By Ernest Mazansky - Director, Werksmans Tax Proprietary Limited

What is contributed tax capital?

CTC – or to give it its full name, contributed tax capital – is an artificial or notional designation created for the purposes of the Income Tax Act, 1962 (the Act) and is, roughly speaking, akin to share capital for other legal and accounting purposes.

The definition and notion of CTC, together with the amended definition of “dividend” in section 1 of the Act introduced with effect from 1 April 2012, was occasioned to a large extent by the more modern principles to be found in the Companies Act, 2008.

In the latter legislation, when a company makes a distribution to a shareholder no real distinction is made between a distribution out of current profits, realised reserves, unrealised reserves or share capital – it is merely a distribution, and whether or not one can make the distribution is dependent upon complying with the solvency and liquidity tests.

This is in contrast to the old capital maintenance rule, the effect of which is that there could not be a reduction of share capital save under very specific circumstances.

The distinction in the Act is made between:

  • a distribution that is a dividend, and which constitutes a revenue receipt in the hands of a shareholder and which can also be subject to dividends tax; and
  • a distribution that constitutes a return of capital, that falls into the CGT regime under the Act.

In short, what makes a distribution a return of capital is that the directors have specifically determined that the distribution represents a reduction of CTC.  If they do not so determine, and even if they simply remain silent, it is automatically a dividend.

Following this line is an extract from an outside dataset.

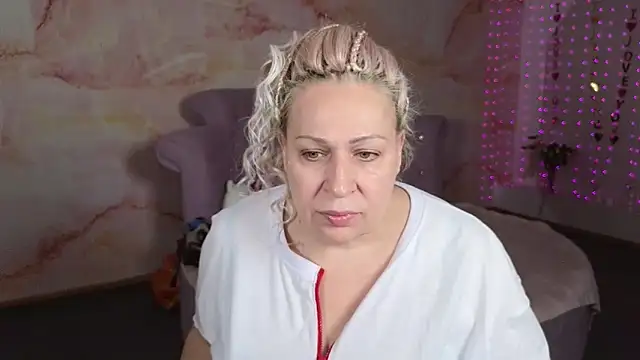 Snapshot of Penelope_Pinky chatting on October 15, 12:16 pm Penelope Pinky online show from October 15, 12:16 pm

As stated, CTC is roughly akin to share capital but the amount of CTC need not necessarily equate to the amount of share capital.  There can be a number of reasons for this including the fact that a distribution can physically be made out of current year’s profits but if it is determined to be a reduction of CTC then it is not a dividend but a return of capital, but the share capital remains intact.  Similarly a distribution can physically be made out of share capital, but if it is not stated to be a reduction of CTC the latter remains intact and the receipt is a dividend subject, where relevant, to dividends tax.

The issue: A reduction of CTC

It can readily be seen that there are circumstances where a reduction of CTC is more favourable from a tax perspective than a dividend.  Typically this would be the case where dividends tax is payable, eg by an individual or a trust, or by a non-resident shareholder.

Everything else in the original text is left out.